Close your eyes, and think back to a happy time and place in your childhood.
What do you see? What do you hear? What do you smell? What do you feel? What are you touching? What can you taste?
For most of us, these memories involve nature and our families.
My love of the outdoors began in my backyard, digging in the dirt with spoons, making mulberry mud pies, inspecting roly-polys and worms under rocks, catching bumblebees in baby food jars during the day and lightning bugs in the evening.
Love of the earth came by discovering the first pussy willow to bloom in the side yard, spotting the first hyacinth emerging from the cold flowerbed, helping cut a few branches of forsythia to force into bloom in the living room while the wind blew polar. Picking a plum warmed in the sun, the sweet juice dribbling down my chin. Spotting cocoons on milkweed plants in the field near my home.

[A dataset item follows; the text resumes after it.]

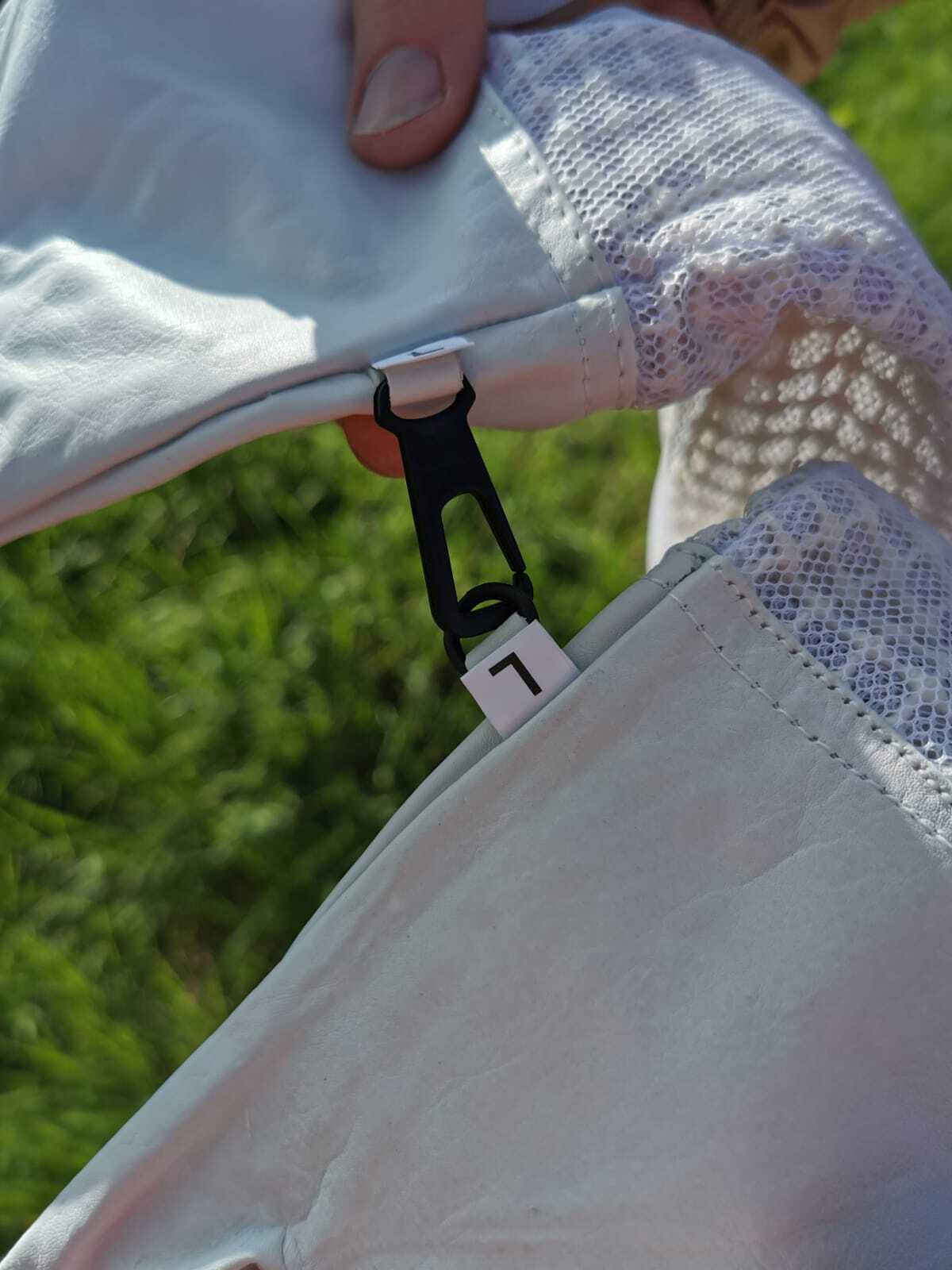 Imkerhandschuhe aus weißem Kuhleder – 3-lagig mit Atmungsnetz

There was so much life to explore in our backyard. Our block was the world, each yard being a new country to discover.
Today our children’s time seems programmed with events that disconnect them from the natural discovery and exploration of living things.

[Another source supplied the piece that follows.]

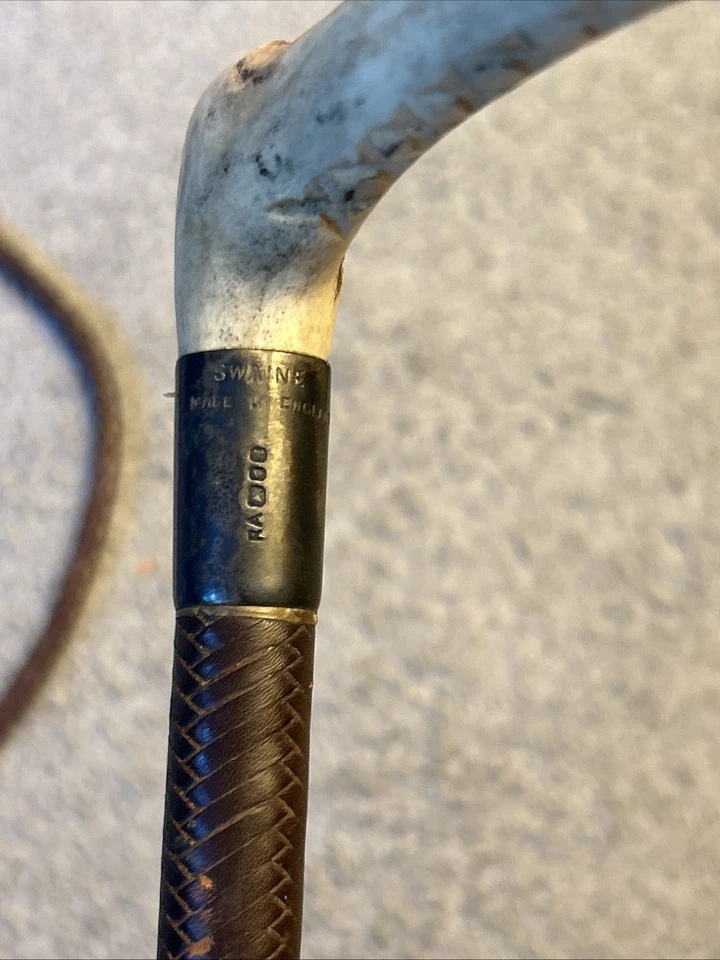 Vintage Gents "SWAINE ADENEY BRIGG" Leather Hunt Whip W/Beaufort Leather Thong Foto 3 de 4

It only takes a bit of earth.
Give your child time to play in the yard.
Have one area that doesn’t have to be pristine and is available for digging and looking under rocks.
Working in your yard seems a lot like playing in the yard to your child. Child-sized rakes, shovels, hoes, trowels, and gardening gloves are readily available in home improvement or gardening stores. Safety always comes first, so make sure you have a place to store tools and give lessons on how to use them safely. Remember, no running with tools! A three-year-old loves to rake grass and leaves into a circle made by a hula-hoop, which defines where to deposit raked leaves.
Introduce one tool at a time.
Helping keep a clean yard is a first step for our children to learn to keep a clean Earth. Ecology? The word comes from the Greek word oikos, for house. Ecology begins at home.
Grow something.
It doesn’t take acreage to grow plants. Start a potato in a jar of water on your kitchen cabinet. Sprout an avocado seed. Make alfalfa or bean sprouts. Plant cherry tomatoes in a pot on your porch. Let your children polish the leaves of a rubber tree plant. My favorite book to inspire gardening with children is Roots, Shoots, Buckets, and Boots: Gardening Together by Sharon Lovejoy.
Walk every day.
Walk in your yard. Walk in your neighborhood or nearby parks. Work up to take longer hikes at state parks or preserves. Remember to take water, snacks, sunscreen and insect repellent. Do a scavenger-type hunt as you walk for three types of plants or animals. For example: a black oak, a sycamore and a blackberry vine, OR a bluebird, a monarch butterfly and a worm.
Enjoy the weather.
Get out in the rain. Of course, there is always the danger of thunderstorms and lightning, but a warm summer rain invites the senses. To walk in the rain, without a raincoat, galoshes, or umbrella, is a wonderful experience for a child. Ask: Does the air smell different when it is raining? What does the rain sound like? How does mud feel between your toes?
Have towels and dry clothes ready for your return from a walk in the rain. Let yourself be a kid again.
Learning to love the earth begins early. It begins in our backyards as we play, work, walk, discover, explore and enjoy this wonderful world.